THE ATTIC

HANSOM CAB
James C. Parmelee 1855-1931
William Samuel, Samuel, Samuel, Ezra, Nathaniel, Nathaniel, John, John
Alice (Maury) Parmelee (1866-1940) and her driver could be seen on the streets of Washington, D.C., about 1920. She and a few other women in the nation's capital owned their own hansom cabs for personal transportation because they found them easier to board.

The Eugene (Ore.) Guard of April, 13, 1926, was one of many nationwide that published a photo of her getting into her cab, Washington's last, with the caption: "Mrs. James Parmelee, prominent society leader, is up in arms over a recent Washington ordinance barring horse-drawn vehicles from certain streets, including the street she lives on." Law or no law, Alice vowed to continue to use her cab, saying "If necessary, I'll drive as near my destination as possible and walk the rest of the way."

Though not a part of the official Smithsonian Collection, her cab has been on display at the museum -- I don't know if it currently is.
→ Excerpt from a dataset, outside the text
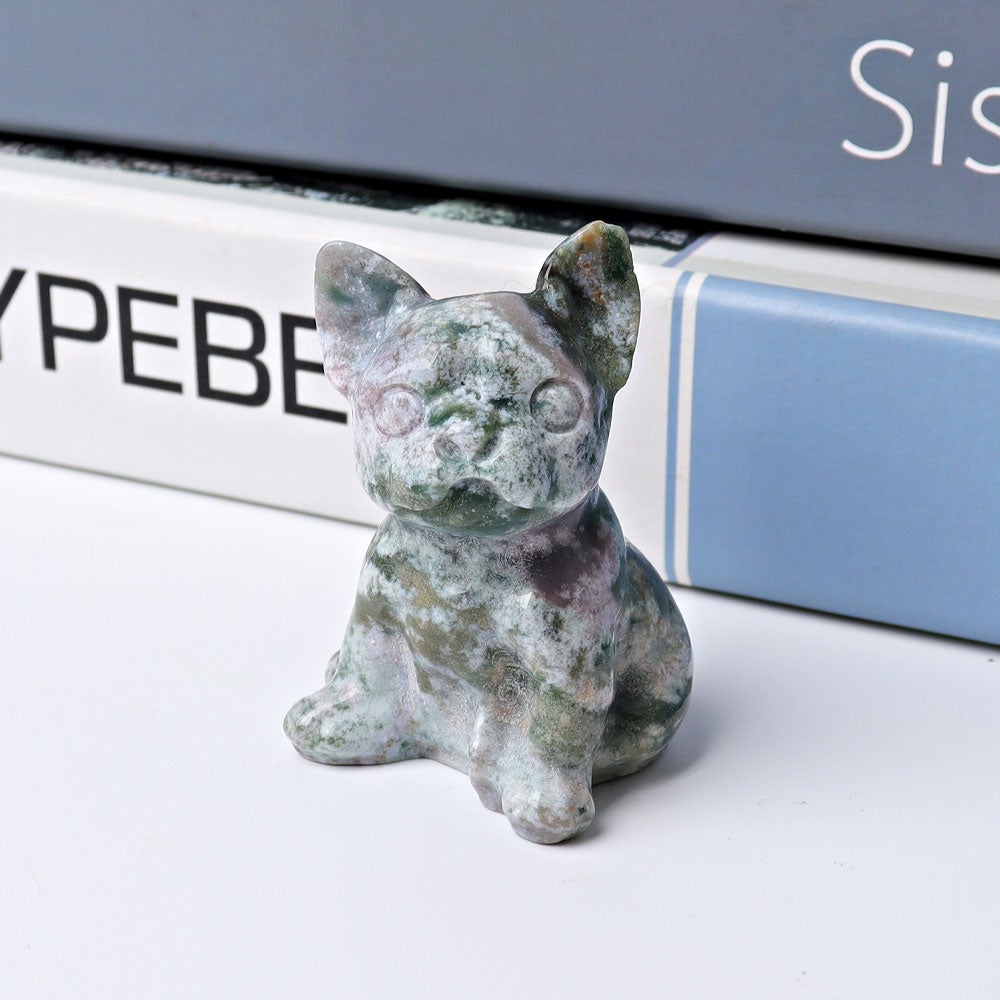 2.3" Moss Agate Bull Dog Crystal Carvings Wholesale Crystals USA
The photos at right and below are from the Library of Congress, Prints and Photographs Division.

Alice's husband, James, worked with W.H. Lawrence and Webb Hayes, son of distant-Parmelee cousin President Rutherford B. Hayes, at Cleveland's National Carbon Co. in the 1880s. James and Myron T. Herrick, the U.S. ambassador to France, built a Superior Avenue granite-and-brick office building near the courts and public buildings in 1893. James became one of the founders of the Cleveland Stock Exchange in 1899 and was its first president.

James and Alice made The Causeway their home in Washington, near the National Cathedral. James and Alice were one of the four principal donors to the cathedral, giving $50,000; one of the four main pillars of the building has "Parmelee" written its base.